Zorgen voor een eerlijk verhaal

Vandepoel is overtuigd van de kracht van VLAM. “De nauwe samenwerking van al die sectoren, inclusief de nieuwe, is uitzonderlijk. We zorgen voor de nodige beleidsondersteuning en krijgen ook van het Vlaamse parlement waardering.”

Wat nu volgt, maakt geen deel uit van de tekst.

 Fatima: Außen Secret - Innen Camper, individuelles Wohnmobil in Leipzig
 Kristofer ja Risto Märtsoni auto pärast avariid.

Maar ook de tweede voorzitterstermijn van Guy Vandepoel wordt ongetwijfeld nog boeiend. “De basis van VLAM 2.0 is de voorbije jaren gelegd, daar zullen we op verder bouwen. De land- en tuinbouwer is gepassioneerd en is innovatief en duurzaam bezig. Die informatie moeten we tot bij de consument brengen via een verhaal dat aanslaat. De band tussen producent en consument moet ook in de toekomst een eerlijk verhaal blijven.” Vandepoel is er zich van bewust dat dit niet altijd een eenvoudige opdracht is: “De Engelse woorden farming en framing liggen heel kort bij elkaar... Het blijkt voor velen gemakkelijk om te agribashen, terwijl de werkelijkheid veel genuanceerder is.”

Anne Vandenbosch

Efficiënt gebruik van budget

Het budget van VLAM – zo’n 24.250.000 euro in 2021 – wordt hoofdzakelijk gegenereerd door sectorinkomsten, aangevuld met subsidies van de Vlaamse overheid, (co-)financiering van de Europese Unie en reserves, zo lezen we in het Activiteitenverslag 2021. De inkomsten van de sector (15,7 miljoen euro) gaan integraal naar de promotiecampagnes.

“Het is een mooi voorbeeld van hoe boeren zelf actief investeren in de promotie en afzet van hun producten! Met het hand op het hart durf ik te stellen dat elke cent daarbij zo efficiënt mogelijk ingezet wordt”, stelt voorzitter Vandepoel fier. “In het buitenland benijden ze trouwens onze werking en financieringsstructuur. Bij de Europese Commissie wordt VLAM geregeld als voorbeeld gesteld bij de aanpak van (generieke) campagnes, we maken daarbij maximaal gebruik van Europese hefbomen. Ook onze Ierse collega’s Bord BIA slagen er heel goed in om hun Ierse producten te promoten. De manier waarop ze het ‘klavertje vier’ – de identiteit van de Ierse producten – in de Europese markt weten te zetten, werkt inspirerend voor ons. Daarnaast hebben we een heel goede samenwerking met de Waalse collega’s APAQ-w. We zullen in de toekomst nog meer samen werk maken van onze Belgische identiteit.”